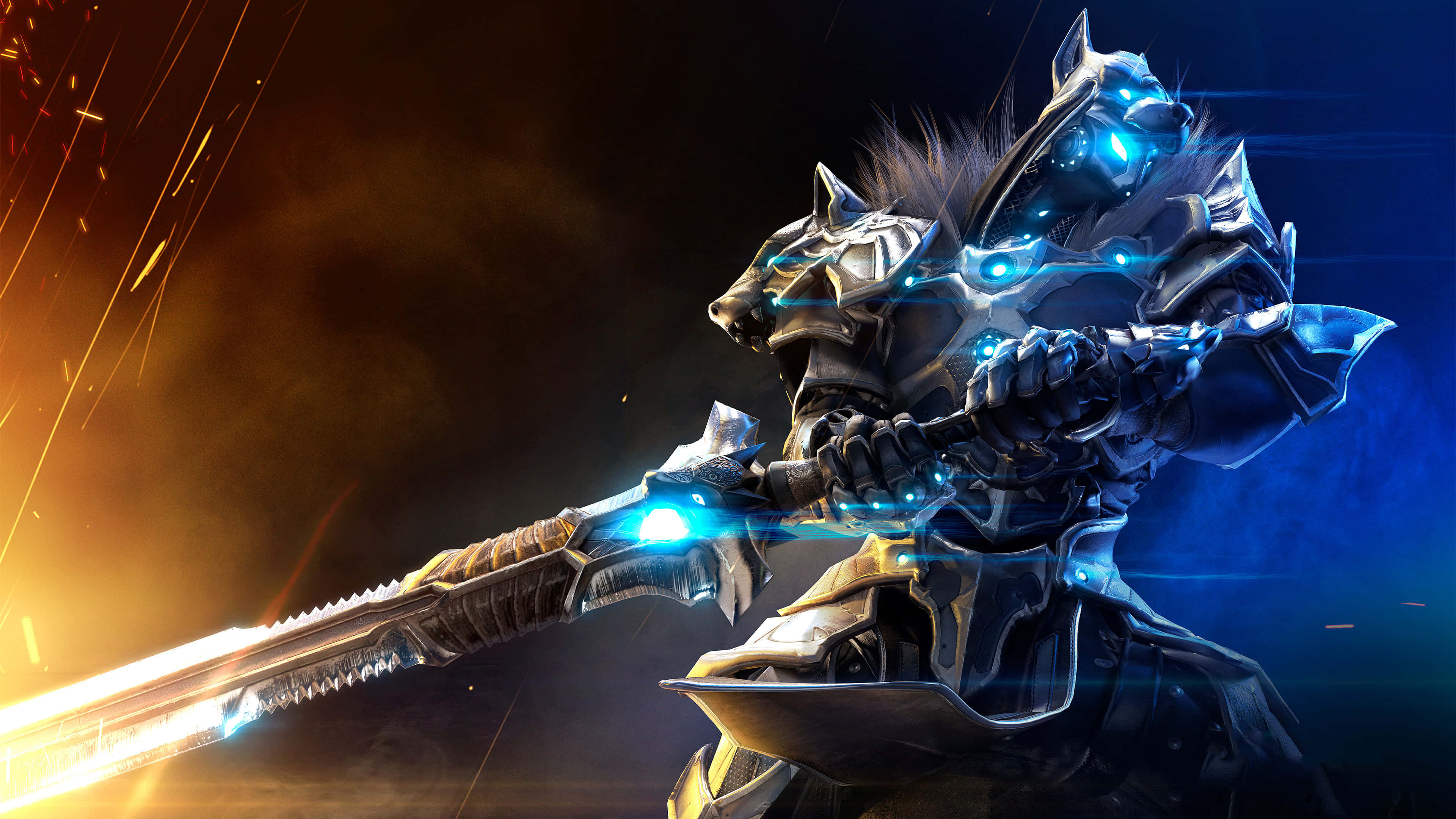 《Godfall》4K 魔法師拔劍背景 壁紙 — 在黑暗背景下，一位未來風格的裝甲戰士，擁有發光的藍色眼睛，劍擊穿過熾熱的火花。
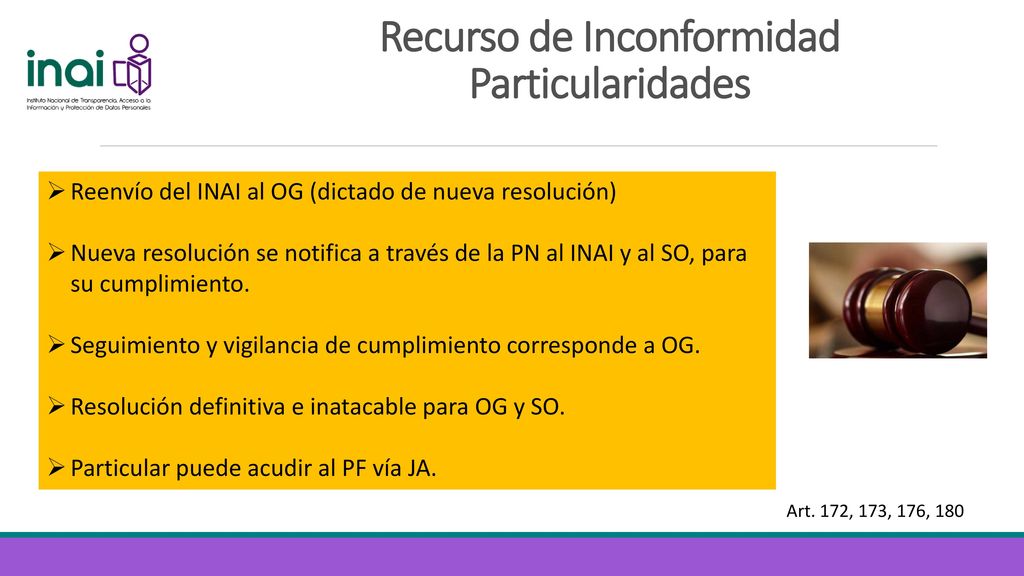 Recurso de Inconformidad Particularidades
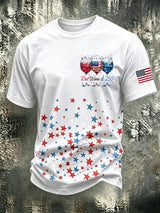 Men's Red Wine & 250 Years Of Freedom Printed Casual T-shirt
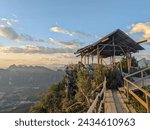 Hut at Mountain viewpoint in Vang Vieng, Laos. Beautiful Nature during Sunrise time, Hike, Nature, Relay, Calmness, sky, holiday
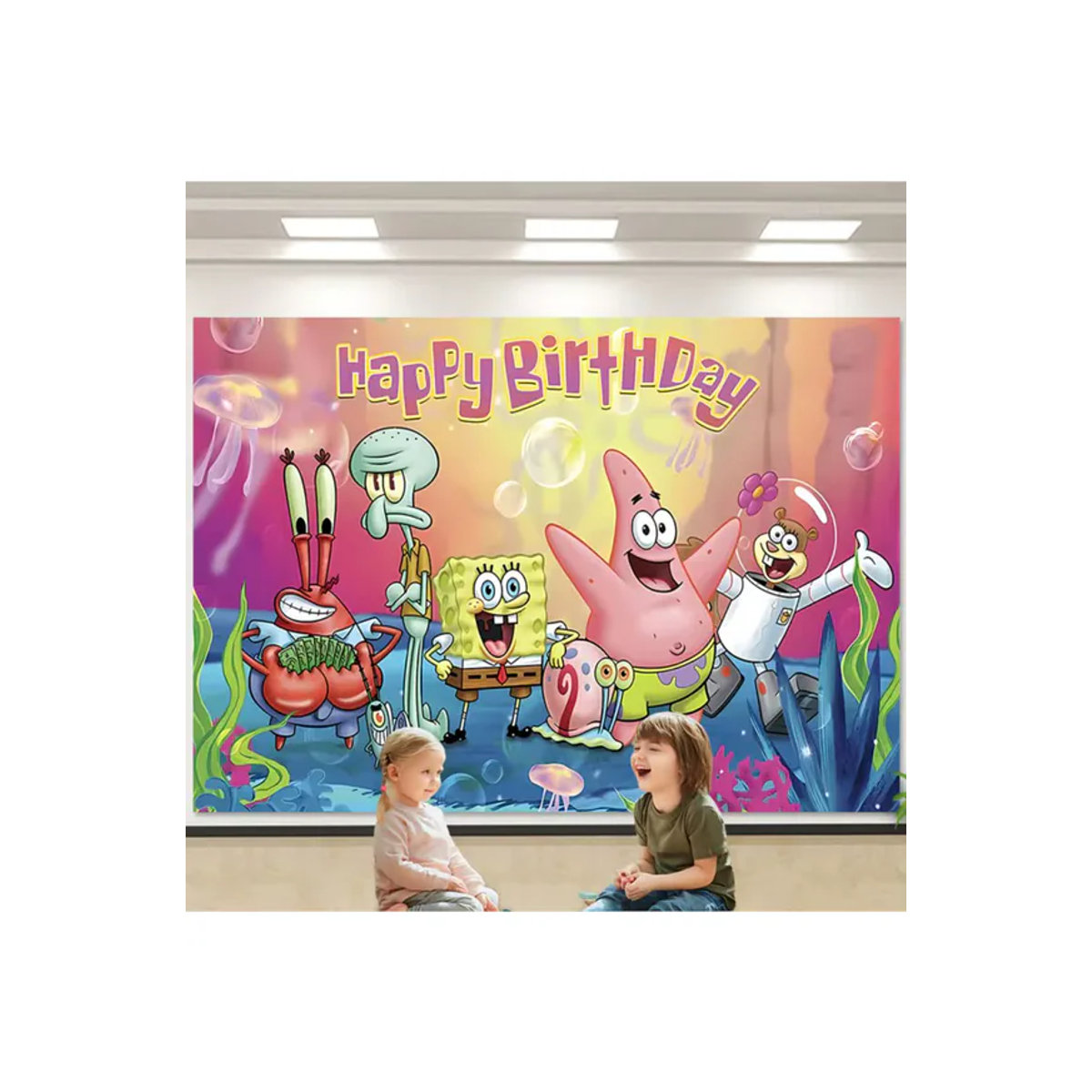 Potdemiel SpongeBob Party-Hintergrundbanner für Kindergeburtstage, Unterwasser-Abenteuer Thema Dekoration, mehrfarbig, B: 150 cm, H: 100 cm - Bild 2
------------------------------------------------
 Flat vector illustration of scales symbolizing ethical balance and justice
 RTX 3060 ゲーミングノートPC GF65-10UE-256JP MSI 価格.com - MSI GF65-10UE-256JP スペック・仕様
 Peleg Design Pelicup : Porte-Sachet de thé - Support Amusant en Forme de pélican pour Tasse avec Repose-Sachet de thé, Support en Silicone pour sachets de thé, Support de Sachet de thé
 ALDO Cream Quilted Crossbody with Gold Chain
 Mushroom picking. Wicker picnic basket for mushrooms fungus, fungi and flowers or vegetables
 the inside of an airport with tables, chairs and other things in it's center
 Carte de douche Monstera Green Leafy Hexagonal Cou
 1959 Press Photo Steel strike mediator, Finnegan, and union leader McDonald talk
------------------------------------------------
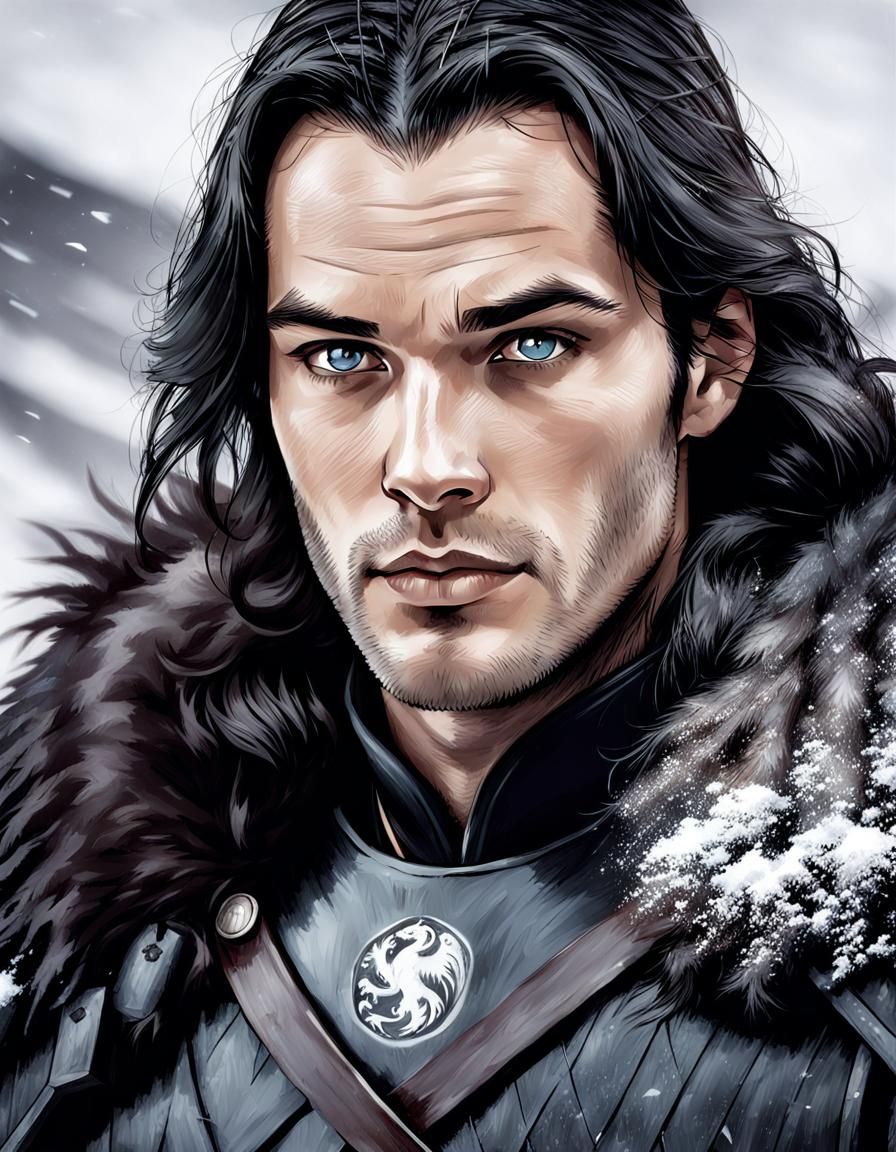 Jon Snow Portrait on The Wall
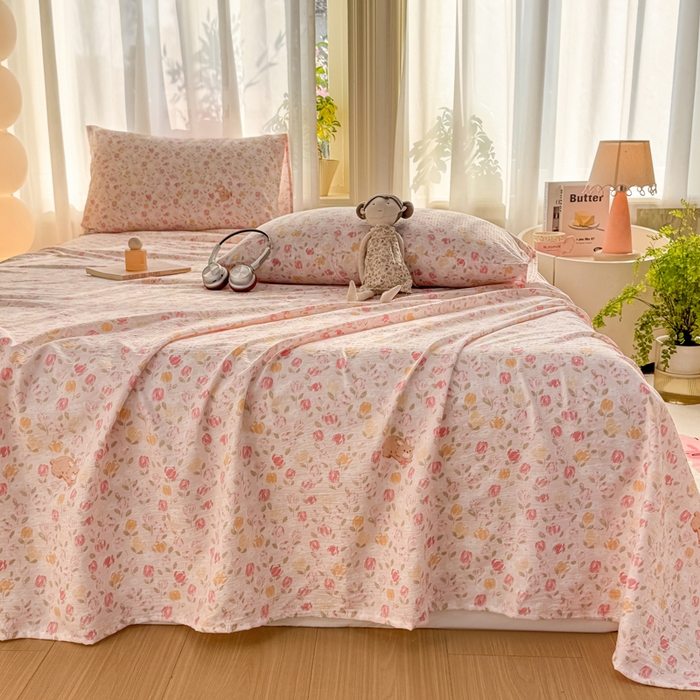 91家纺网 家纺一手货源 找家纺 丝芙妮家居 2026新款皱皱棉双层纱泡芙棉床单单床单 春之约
------------------------------------------------
Take the material above and output only the lines from the one that contains "壁紙 — 在黑暗背景下，一位未來風格的裝甲戰士，擁有發光的藍色眼睛，劍擊穿過熾熱的火花。" through the one that contains "Potdemiel SpongeBob Party-Hintergrundbanner", ends included and images left out.

 《Godfall》4K 魔法師拔劍背景 壁紙 — 在黑暗背景下，一位未來風格的裝甲戰士，擁有發光的藍色眼睛，劍擊穿過熾熱的火花。
 Recurso de Inconformidad Particularidades
 Men's Red Wine & 250 Years Of Freedom Printed Casual T-shirt
 Hut at Mountain viewpoint in Vang Vieng, Laos. Beautiful Nature during Sunrise time, Hike, Nature, Relay, Calmness, sky, holiday
 Potdemiel SpongeBob Party-Hintergrundbanner für Kindergeburtstage, Unterwasser-Abenteuer Thema Dekoration, mehrfarbig, B: 150 cm, H: 100 cm - Bild 2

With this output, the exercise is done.